Lua Type Checking

lua-users home
wiki

Many programming languages provide some form of static (compile-time) or dynamic (run-time) type checking, with each form having its own merits [1]. Lua performs run-time type checking on its built-in operations. For example, this code triggers a run-time error:

> x = 5 + "ok"

stdin:1: attempt to perform arithmetic on a string value

However, unlike in languages like C, there is no built-in mechanism in Lua for type checking the parameters and return values of function calls. The types are left unspecified:

function abs(x)

  return x >= 0 and x or -x

end

This allows a lot of flexibility. For example, a function like print can accept values of many types. However, it can leave functions underspecified and more prone to usage errors. You are allowed to call this function on something other than a number, though the operations inside the function can will trigger a somewhat cryptic error at run-time (where it would be a compile-time error in C).

> print(abs("hello"))

stdin:2: attempt to compare number with string

stack traceback:

        stdin:2: in function 'abs'

        stdin:1: in main chunk

        [C]: ?

Solution: Assertions at Top of Function

For improved error reporting, one is typically told to do something like this:

function abs(x)

  assert(type(x) == "number", "abs expects a number")

  return x >= 0 and x or -x

end

> print(abs("hello"))

stdin:2: abs expects a number

stack traceback:

        [C]: in function 'assert'

        stdin:2: in function 'abs'

        stdin:1: in main chunk

        [C]: ?

That's a good suggestion, but one might complain that this imposes additional run-time overhead, it will only detect program errors for code that gets executed instead of all code that is compiled, the types of the function values are entirely in the function's implementation (not available by introspection), and it can involve a lot of repetitive code (especially when the named arguments are passed via a table).

Here is one ways to proactively check named parameters:

local Box = {}

local is_key = {x=true,y=true,width=true,height=true,color=true}

function create_box(t)

  local x = t.x or 0

  local y = t.y or 0

  local width = t.width or 0

  local height = t.height or 0

  local color = t.color

  assert(type(x) == "number", "x must be number or nil")

  assert(type(y) == "number", "y must be number or nil")

  assert(type(width) == "number", "width must be number be number or nil")

  assert(type(height) == "number", "height must be number or nil")

  assert(color == "red" or color == "blue", "color must be 'red' or 'blue'")

  for k,v in pairs(t) do

    assert(is_key[k], tostring(k) .. " not valid key")

  end

  return setmetatable({x1=x,y1=y,x2=x+width,y2=y+width,color=color}, Box)

end

It is relatively a lot of code. In fact, we might want to use error rather than assert to provide an appropriate level parameter for the stack traceback.

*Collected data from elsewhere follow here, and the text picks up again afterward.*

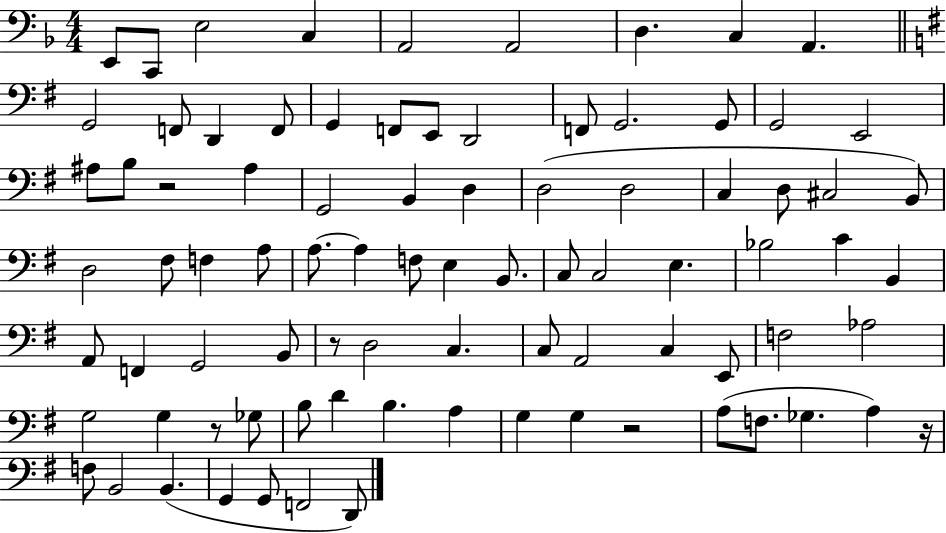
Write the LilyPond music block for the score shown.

{
  \clef bass
  \numericTimeSignature
  \time 4/4
  \key f \major
  e,8 c,8 e2 c4 | a,2 a,2 | d4. c4 a,4. | \bar "||" \break \key g \major g,2 f,8 d,4 f,8 | g,4 f,8 e,8 d,2 | f,8 g,2. g,8 | g,2 e,2 | \break ais8 b8 r2 ais4 | g,2 b,4 d4 | d2( d2 | c4 d8 cis2 b,8) | \break d2 fis8 f4 a8 | a8.~~ a4 f8 e4 b,8. | c8 c2 e4. | bes2 c'4 b,4 | \break a,8 f,4 g,2 b,8 | r8 d2 c4. | c8 a,2 c4 e,8 | f2 aes2 | \break g2 g4 r8 ges8 | b8 d'4 b4. a4 | g4 g4 r2 | a8( f8. ges4. a4) r16 | \break f8 b,2 b,4.( | g,4 g,8 f,2 d,8) | \bar "|."
}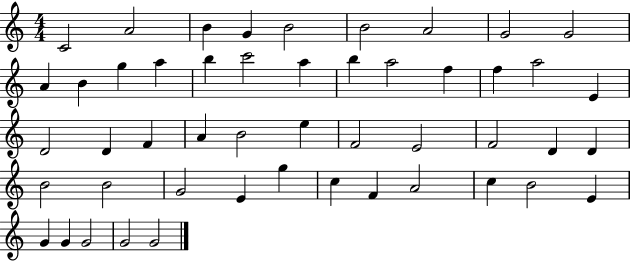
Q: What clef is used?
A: treble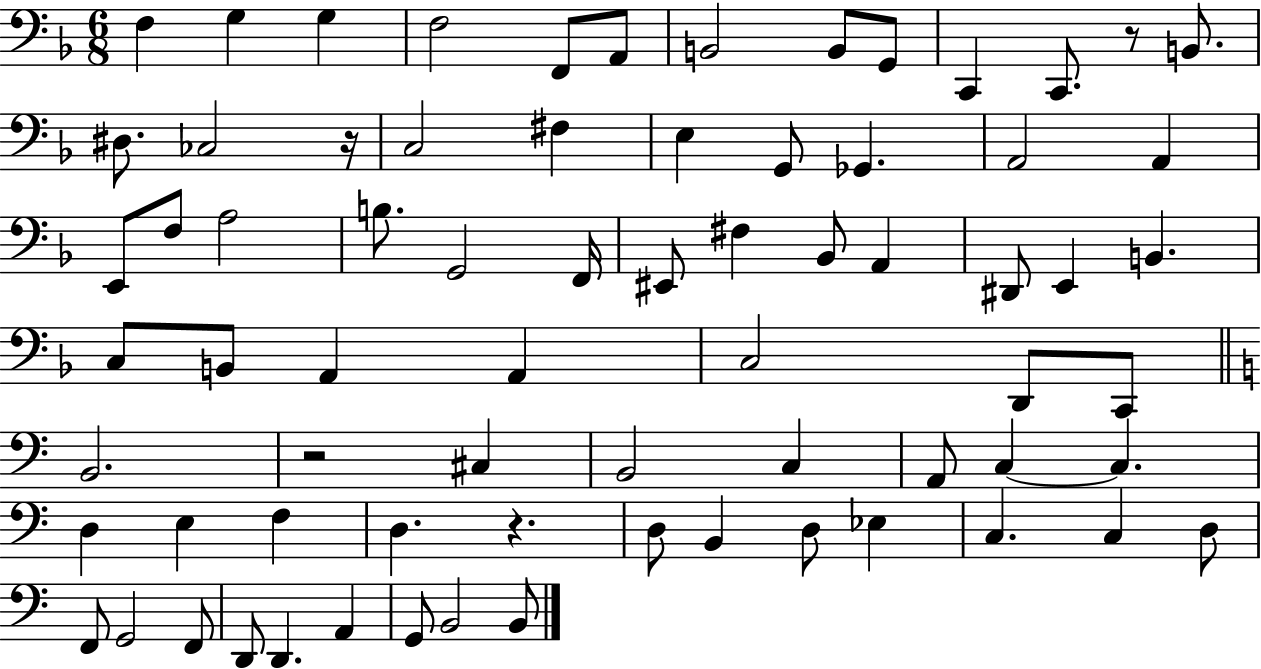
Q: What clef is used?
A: bass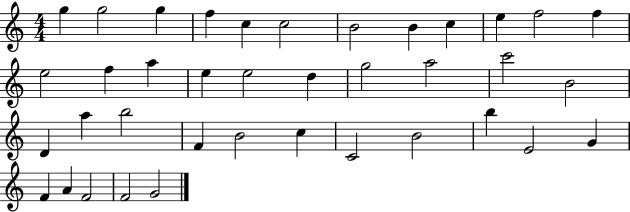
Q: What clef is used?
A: treble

Solution: Function Decorators

Another approach is to place the type check code outside of the original function, potentially with a "function decorator" (see DecoratorsAndDocstrings for background).

is_typecheck = true



function typecheck(...)

  return function(f)

    return function(...)

      assert(false, "FIX-TODO: ADD SOME GENERIC TYPE CHECK CODE HERE")

      return f(...)

    end

  end

end



function notypecheck()

  return function(f) return f end

end



typecheck = is_typecheck and typecheck or notypecheck



sum = typecheck("number", "number", "->", "number")(

  function(a,b)

    return a + b

  end

)

The advantage is that the type information is outside of the function implementation. We can disable all the type checking by switching a single variable, and no added overhead would remain when the functions are executed (though there is some slight added overhead when the functions are built). The typecheck function could also store away the type info for later introspection.

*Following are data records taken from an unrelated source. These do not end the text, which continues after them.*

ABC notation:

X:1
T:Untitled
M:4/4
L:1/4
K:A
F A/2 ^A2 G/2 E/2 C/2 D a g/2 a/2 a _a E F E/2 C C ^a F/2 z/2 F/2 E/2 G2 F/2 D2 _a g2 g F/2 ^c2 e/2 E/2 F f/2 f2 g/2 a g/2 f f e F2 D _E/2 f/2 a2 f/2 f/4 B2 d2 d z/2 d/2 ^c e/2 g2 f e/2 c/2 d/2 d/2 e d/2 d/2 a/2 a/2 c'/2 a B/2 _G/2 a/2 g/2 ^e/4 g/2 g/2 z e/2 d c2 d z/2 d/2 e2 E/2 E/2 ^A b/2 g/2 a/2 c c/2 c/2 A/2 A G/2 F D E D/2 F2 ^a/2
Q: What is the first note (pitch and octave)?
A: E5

This approach is similar to the one described in LuaList:/2002-07/msg00209.html (warning: Lua 4).

Solution: the checks library

The solutions above present some limitations:

* they are rather verbose, and non-trivial verifications can be hard to read;

* the error messages aren't as clear as those returned by Lua's primitives. Moreover, they indicate an error in the called function, at the place where assert() fails, rather than in the calling function which passed invalid arguments.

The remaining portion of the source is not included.